Q) What do you do with the reactor when you have used up the water?
A) It is in space. Doesn’t really matter much but toss it into the sun if it bothers you and it is out of fuel or send it back out for another asteroid. Not a complicated setup: see: Direct Energy Conversion in Fusion Reactors, by Ralph W. Moir, Lawrence Livermore Laboratories, Livermore, CA
Q) Who is going to operate and maintain the reactor?
Robots. The RF round trip when it is way out there is too long for remote controls.
Q) What happens if the reactor has an accident?
A) Not much. It is in space. Not near space. Way way out there. Heck even if it went supercritical where k > 1 as in kaboom it would be a little flash in the sky. The scary thing would be if the asteroid hit the earth hence going for a lunar orbit. Not a big deal if we accidentally hit the moon.

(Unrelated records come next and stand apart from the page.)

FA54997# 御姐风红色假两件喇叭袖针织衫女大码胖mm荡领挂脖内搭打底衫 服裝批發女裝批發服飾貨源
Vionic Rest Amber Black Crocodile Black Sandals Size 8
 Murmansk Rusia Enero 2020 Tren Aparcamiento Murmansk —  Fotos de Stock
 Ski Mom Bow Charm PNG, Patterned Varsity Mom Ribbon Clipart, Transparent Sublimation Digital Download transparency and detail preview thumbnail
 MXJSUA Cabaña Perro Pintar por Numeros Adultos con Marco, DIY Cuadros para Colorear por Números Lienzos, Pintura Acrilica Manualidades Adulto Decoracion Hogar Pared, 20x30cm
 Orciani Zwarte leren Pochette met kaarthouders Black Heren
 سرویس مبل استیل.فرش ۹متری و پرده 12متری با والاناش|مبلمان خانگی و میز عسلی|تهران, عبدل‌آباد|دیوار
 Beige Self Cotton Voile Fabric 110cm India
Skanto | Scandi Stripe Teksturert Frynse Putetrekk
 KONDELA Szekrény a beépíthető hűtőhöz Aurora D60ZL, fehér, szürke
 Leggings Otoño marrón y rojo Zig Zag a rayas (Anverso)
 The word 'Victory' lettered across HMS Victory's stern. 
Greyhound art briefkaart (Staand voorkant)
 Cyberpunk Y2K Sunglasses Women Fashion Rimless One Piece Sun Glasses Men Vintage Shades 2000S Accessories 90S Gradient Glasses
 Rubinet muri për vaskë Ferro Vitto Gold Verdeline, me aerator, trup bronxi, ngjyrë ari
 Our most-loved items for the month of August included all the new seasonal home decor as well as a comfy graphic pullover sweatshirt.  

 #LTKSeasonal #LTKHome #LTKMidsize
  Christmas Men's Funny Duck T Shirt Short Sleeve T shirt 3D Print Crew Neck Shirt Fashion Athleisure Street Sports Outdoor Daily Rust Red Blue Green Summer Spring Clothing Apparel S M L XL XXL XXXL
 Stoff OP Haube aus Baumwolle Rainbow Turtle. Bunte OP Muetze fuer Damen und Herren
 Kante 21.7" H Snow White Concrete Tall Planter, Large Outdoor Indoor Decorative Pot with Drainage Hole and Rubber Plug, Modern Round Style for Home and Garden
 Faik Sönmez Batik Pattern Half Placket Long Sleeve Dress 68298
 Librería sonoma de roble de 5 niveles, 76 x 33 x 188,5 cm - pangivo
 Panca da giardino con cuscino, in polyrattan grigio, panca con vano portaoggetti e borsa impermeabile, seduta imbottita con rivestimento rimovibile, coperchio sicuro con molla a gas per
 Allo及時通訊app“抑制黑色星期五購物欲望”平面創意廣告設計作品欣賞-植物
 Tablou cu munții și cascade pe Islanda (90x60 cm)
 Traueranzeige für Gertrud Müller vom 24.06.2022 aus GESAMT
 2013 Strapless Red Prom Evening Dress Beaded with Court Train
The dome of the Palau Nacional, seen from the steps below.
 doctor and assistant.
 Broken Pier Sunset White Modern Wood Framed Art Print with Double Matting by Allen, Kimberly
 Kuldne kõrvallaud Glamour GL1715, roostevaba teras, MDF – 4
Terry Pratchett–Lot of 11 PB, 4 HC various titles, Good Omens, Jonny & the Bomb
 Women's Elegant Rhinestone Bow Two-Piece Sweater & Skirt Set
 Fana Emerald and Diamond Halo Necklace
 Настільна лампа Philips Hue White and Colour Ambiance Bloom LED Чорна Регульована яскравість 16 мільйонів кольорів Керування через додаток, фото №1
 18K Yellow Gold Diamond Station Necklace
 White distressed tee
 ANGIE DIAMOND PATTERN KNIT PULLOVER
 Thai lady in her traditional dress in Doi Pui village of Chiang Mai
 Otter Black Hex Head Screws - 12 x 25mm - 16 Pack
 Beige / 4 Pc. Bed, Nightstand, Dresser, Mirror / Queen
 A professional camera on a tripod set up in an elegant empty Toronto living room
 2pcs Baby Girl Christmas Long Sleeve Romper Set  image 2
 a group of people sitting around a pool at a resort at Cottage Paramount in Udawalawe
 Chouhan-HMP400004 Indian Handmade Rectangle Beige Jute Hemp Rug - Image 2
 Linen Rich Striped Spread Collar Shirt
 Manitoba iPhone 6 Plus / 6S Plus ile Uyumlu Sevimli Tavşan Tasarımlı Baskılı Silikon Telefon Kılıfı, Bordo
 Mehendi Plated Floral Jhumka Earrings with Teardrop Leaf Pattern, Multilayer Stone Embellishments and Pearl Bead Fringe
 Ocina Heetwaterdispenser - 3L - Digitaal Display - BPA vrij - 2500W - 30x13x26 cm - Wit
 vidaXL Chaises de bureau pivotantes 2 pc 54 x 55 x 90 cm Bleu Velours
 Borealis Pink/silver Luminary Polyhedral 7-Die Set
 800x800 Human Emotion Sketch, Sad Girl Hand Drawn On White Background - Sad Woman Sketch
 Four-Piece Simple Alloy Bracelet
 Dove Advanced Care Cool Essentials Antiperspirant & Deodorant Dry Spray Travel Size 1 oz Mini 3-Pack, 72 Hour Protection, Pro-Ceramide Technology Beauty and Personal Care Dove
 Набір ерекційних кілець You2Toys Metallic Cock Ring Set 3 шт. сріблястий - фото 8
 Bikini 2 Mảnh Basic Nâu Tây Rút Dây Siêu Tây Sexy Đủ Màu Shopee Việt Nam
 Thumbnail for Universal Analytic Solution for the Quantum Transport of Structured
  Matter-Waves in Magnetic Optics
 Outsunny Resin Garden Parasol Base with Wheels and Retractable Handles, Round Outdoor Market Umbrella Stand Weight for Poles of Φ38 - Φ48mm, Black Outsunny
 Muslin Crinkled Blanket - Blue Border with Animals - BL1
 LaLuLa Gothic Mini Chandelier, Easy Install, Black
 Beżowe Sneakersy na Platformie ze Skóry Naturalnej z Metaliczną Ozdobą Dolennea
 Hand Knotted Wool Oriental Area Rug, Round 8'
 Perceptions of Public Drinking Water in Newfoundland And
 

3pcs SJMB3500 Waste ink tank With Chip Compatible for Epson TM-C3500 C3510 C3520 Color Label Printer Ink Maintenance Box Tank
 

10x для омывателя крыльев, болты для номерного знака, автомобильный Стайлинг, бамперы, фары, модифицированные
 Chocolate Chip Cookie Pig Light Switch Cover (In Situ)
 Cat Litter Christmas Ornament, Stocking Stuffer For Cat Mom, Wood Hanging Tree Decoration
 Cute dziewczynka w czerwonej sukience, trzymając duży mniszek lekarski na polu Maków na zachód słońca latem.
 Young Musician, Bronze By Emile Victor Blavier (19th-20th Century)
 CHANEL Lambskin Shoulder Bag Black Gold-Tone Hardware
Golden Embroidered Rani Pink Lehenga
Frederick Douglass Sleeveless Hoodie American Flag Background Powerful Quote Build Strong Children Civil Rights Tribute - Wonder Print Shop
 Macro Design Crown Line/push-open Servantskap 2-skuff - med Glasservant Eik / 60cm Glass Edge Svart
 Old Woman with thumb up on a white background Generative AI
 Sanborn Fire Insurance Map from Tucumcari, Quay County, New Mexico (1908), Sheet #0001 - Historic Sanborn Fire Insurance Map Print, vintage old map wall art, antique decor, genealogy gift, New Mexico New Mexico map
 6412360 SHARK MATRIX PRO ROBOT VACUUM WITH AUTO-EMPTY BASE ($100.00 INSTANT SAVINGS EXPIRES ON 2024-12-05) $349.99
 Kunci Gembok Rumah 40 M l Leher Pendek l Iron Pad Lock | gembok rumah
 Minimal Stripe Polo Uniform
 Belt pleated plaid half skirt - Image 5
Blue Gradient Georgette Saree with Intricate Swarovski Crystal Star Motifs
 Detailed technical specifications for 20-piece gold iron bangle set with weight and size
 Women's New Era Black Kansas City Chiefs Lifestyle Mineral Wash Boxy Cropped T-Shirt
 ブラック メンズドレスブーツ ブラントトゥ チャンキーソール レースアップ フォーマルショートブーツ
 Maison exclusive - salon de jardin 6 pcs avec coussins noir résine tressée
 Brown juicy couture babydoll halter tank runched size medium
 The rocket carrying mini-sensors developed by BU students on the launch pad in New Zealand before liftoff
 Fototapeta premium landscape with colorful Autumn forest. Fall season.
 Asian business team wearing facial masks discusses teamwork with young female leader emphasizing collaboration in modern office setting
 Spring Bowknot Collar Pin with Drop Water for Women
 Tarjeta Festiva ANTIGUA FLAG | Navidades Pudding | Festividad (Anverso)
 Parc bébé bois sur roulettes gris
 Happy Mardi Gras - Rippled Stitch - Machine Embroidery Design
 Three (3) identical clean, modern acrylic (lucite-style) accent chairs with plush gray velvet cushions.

We havent quite got a working fusion reactor yet. One that is autonomous that we can put is space I think is a few decades off.
If we are talking about fission reactors (all that is available today) we are talking about an expensive piece of hardware and if you include autonomous robot reactor, were talking big money.
The difficult thing about fission reactors is that after a fairly short time at power the reactor will continue to produce a prodigious amount of heat even when shutdown.
If that heat can not be removed from the reactor core the core will destroy itself.
The robot reactor youre talking about sounds like a multi-billion dollar machine. I dont think we want that bit of tech out there on its own with no one to take care of it.